- Captions are a method for adding written words to a video.
- Live captions are captions that are created in real time alongside a live broadcast or event. These are created based on the live audio.
- Offline captions are captions that are created not in real time, which are often more accurate than live captions, but are not created in real time.
- Closed captions are a form of captions which allow the end viewer to toggle the captions on or off at their discretion, typically through a “CC” button on their television or web player.
- Open captions are a form of captions that are “burned-in” to the video and the viewer cannot turn them off.
- Human transcriptionists are people who, in real time, listen to the audio from a program and type the caption text as they hear it. Similar to what a court reporter does.
- AI transcription systems are automated programs that use speech recognition to detect words in an audio stream and convert them to written text.
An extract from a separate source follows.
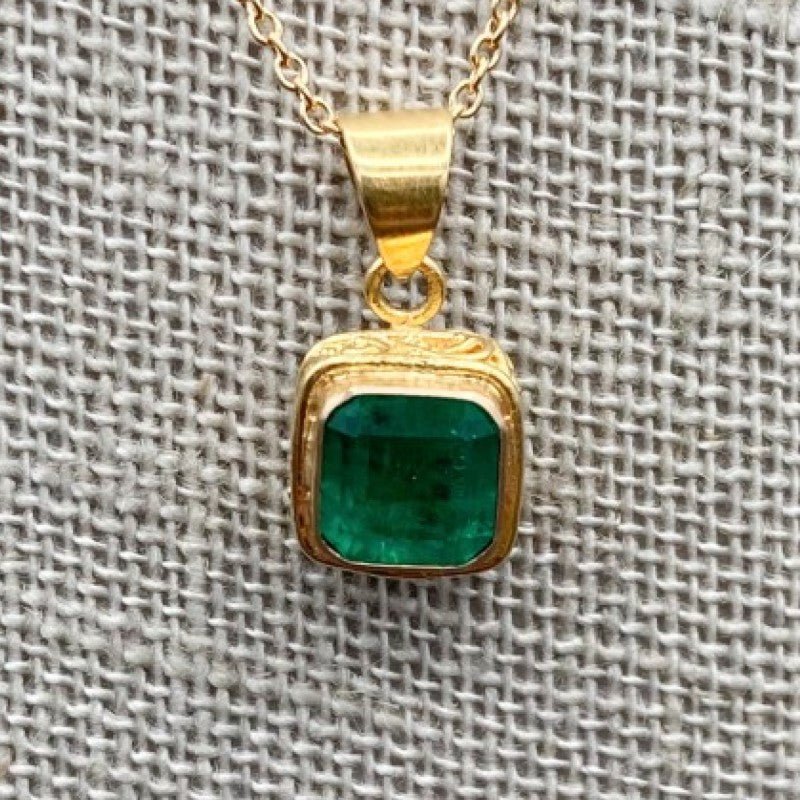 Close Up Of Green Emerald Pendant On Gold Necklace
Similar to how your mobile phone can convert speech into text, although usually much more sophisticated.
- Subtitles are similar to captions in how they look, although subtitles are used to display a different written language from the language that is present in the audio.
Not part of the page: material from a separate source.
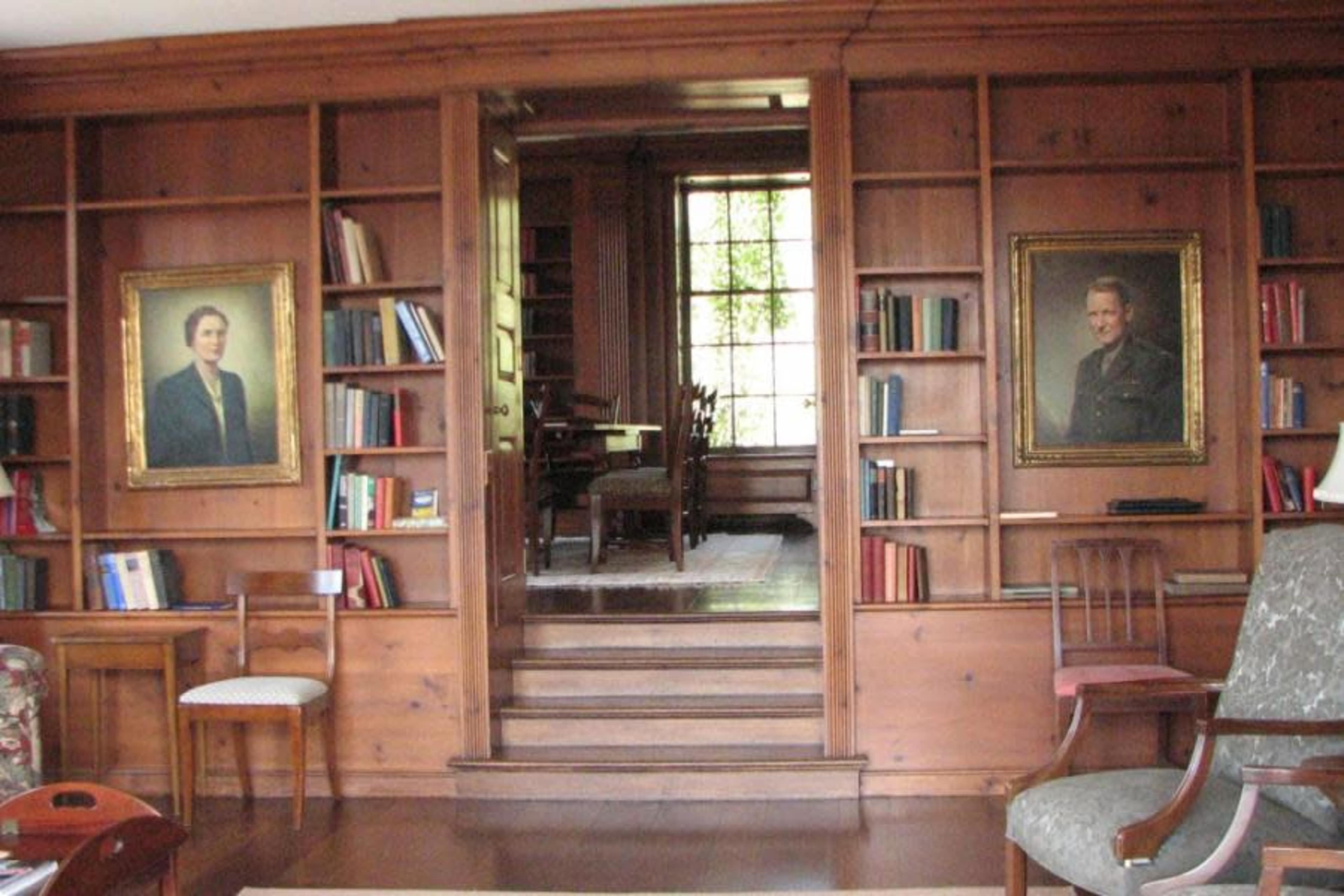 The image shows a wooden library with bookshelves lining the walls, two framed portraits hanging, and a staircase leading to a room with a dining area visible in the background.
- Live captions are created in real time, whether it's by an AI system or a human.
- Real-time live captions are always subject to errors due to the nature of transcribing speech to text live.
- Live captions are still usually around 95% accurate.
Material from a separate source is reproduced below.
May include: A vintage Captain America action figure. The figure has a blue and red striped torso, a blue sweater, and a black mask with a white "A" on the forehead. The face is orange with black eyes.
- AI-powered systems can't distinguish words that could be offensive or problematic, and cannot understand context: therefore these systems are more prone to gaffes that a human wouldn’t make, despite being overall fast and reliable in general.
- Although human transcriptionists likely won't make errors of insensitivity (such as transposing words that could be offensive in the wrong context), they will still make general typos and errors in the course of transcribing live speech. This will be especially noticeable with homonyms or near-homonyms.
- Since real-time captions are being created and displayed while the program is being broadcast, there is no opportunity to proofread captions or to replay difficult to understand audio. As a result, errors do occur, usually in the form of incorrect, though phonetically similar, words (such as ‘row place’ instead of ‘replace,’ ‘dock’ instead of ‘dark,’ etc.)
- When partnering with a human transcriptionist (as opposed to an AI-based system), we try to provide the transcriptionist with any background notes, acronyms, proper nouns, scripts, etc. that will be used during the live event. This is a primer for the transcriptionist, but it will not be fed into the caption stream verbatim. Providing scripts to a transcriptionist ahead of time is only meant to help avoid common misspellings (Jane Smith vs. Smythe), introduce local or proper nouns (such as Puyallup or Snohomish), or familiarize the transcriptionist with proprietary acronyms (such as DOS, CPAP, MCT...). Providing scripts and other background material to a transcriptionist is not required, but it will help increase the overall accuracy.
Why are closed captions so often inaccurate?
- Captions are either done by software or humans. Both make mistakes. Live captioning is hardest like sports, news, live events. No time to go back and fix errors. If the background sound is too loud, the person or software can’t always know the exact words used. Captioning for filmed tv programs and movies allow more time to check for errors.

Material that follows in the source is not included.